May 17 , kl. 15:00 16:30

Conventional security discourses did not predict the magnitude and endurance of resistance efforts in Ukraine, considering the asymmetry between Russia and Ukraine in terms of military capacity. Based on our own research on local democracy in Ukraine, we propose that sweeping decentralization reforms combined with widespread multipronged democratic innovations, including a digital transformation of the state, in recent years has significantly contributed to Ukraine’s resilience.

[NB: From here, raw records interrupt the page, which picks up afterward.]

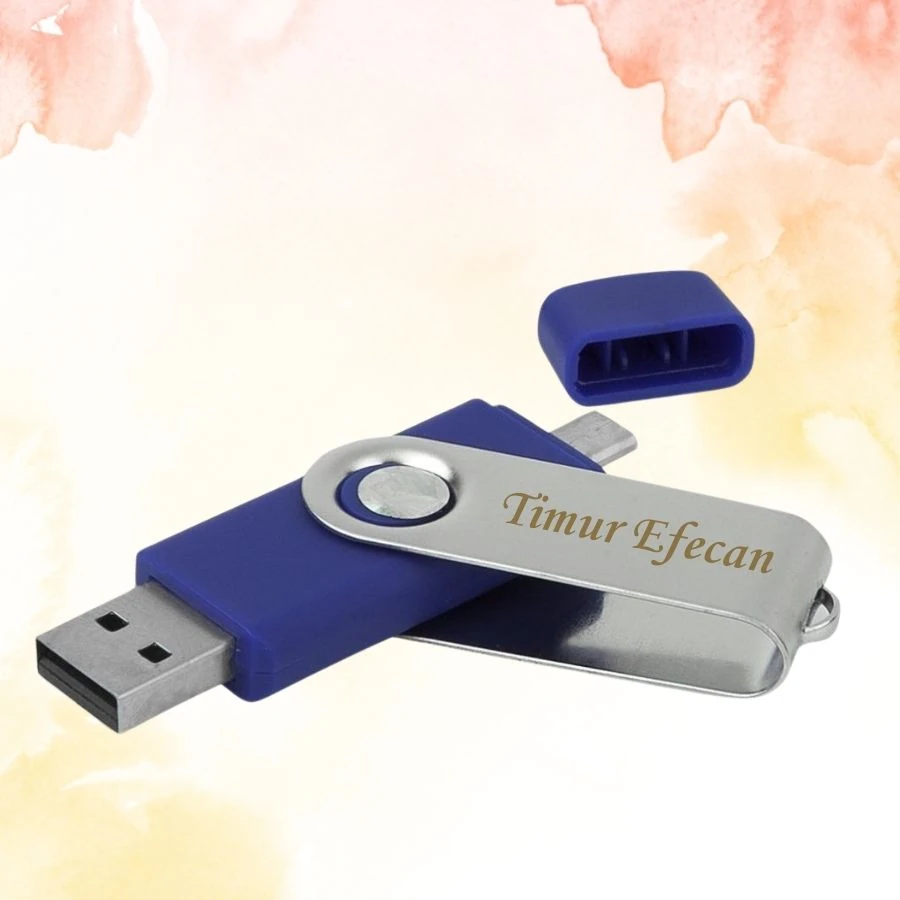 KİŞİYE ÖZEL İSİM BASKILI PLASTİK KUTULU OTG USB BELLEK 16GB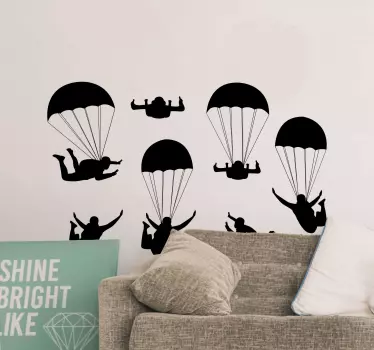 Parachute team wall sticker. An illustration of a team of parachute flight with passengers. Easy to apply and of best quality.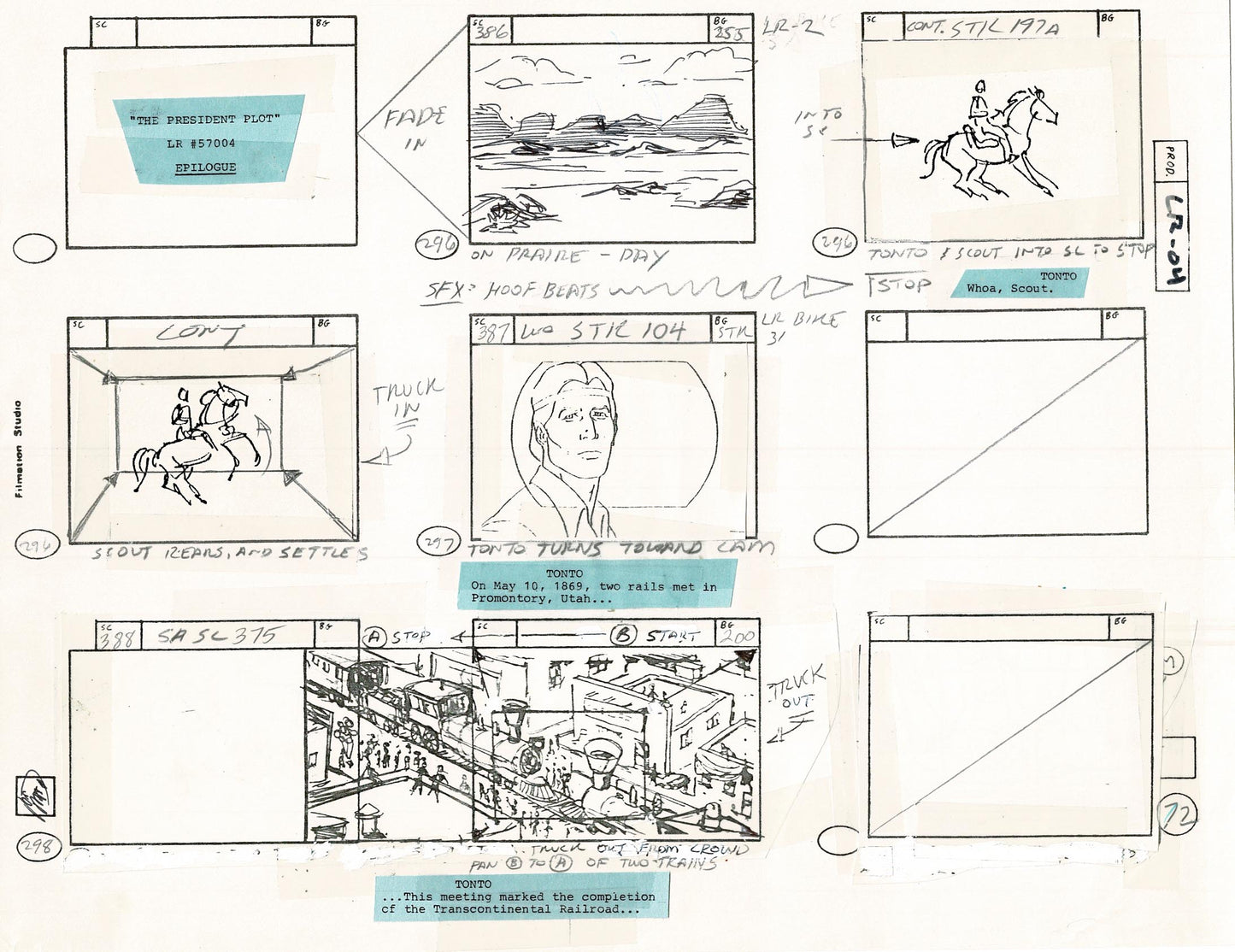 Lone Ranger Western Storyboard Animation Animation Page from Filmation 1980 D-046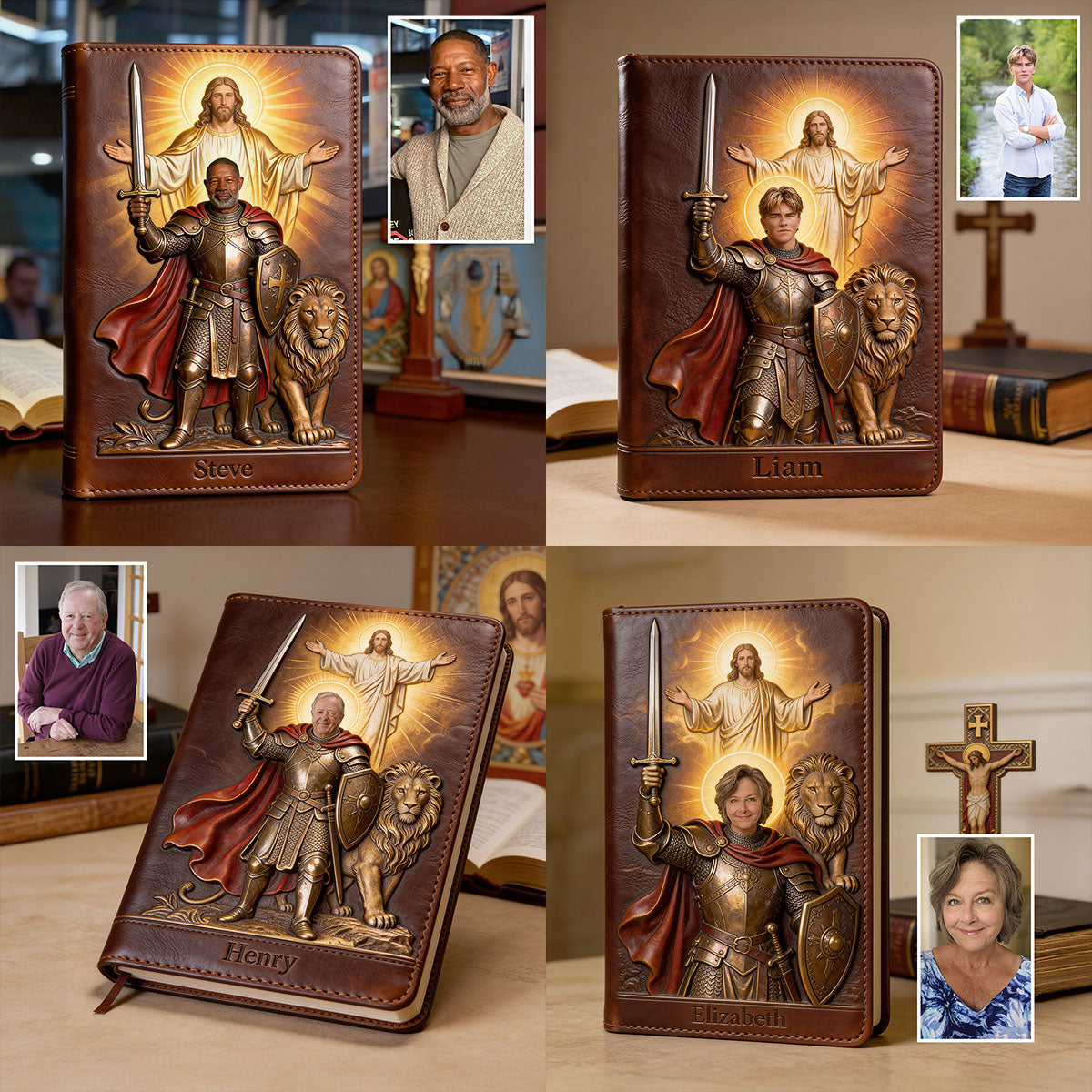 Custom Any Photo - Armor Of God - Personalized Christian Leather Journal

The purpose of the event is to revisit the state of Ukrainian local democracy before the war and discuss how this has contributed to the resilience and problem-solving capacity that we see today. 

 In this event, we aim to identify major underlying factors that account for the support for and engagement with the state, civil society, and business in Ukraine, with a specific eye to previous achievements and practices on the local level of governance, much of which has continued to function even through the war. 

Panellists

Yuliya Bidenko, Karazin Kharkiv National University 

Marcia Grimes, University of Gothenburg 

Mariana Vershynina, Deputy of the city council of Ivano-Frankivsk 

Oksana Huss, Bologna University 

Oleksandra Keudel, Kyiv School of Economics 

Panel Topics 

The panellists, drawing on interviews with local government officials and a survey of over 200 civil society organizations, along with first-hand experience, will explore the following topics: 

  • How the bottom-up nature of the decentralisation effort, as well as its inherently participatory character, gave rise to a transformation in the relationship between citizens in the state (from citizens without citizenship to citizens against the state, to citizens and the state).  
  • How the state-society networks, collaboration, contestation, and communication evolved and operated, based on the example of successful local anti-corruption initiatives and the implications for donors.  
  • How the collaborative and communicative processes can be characterized and how they may account for Ukraine’s resilience in the war. 

Round Table Discussions

In the second part of the event, we will provide facilitated space for the participants to join group discussions on the directions/principles for the support to the state, civil society, and business in Ukraine. The breakout rooms will consist of round table discussions by the participants.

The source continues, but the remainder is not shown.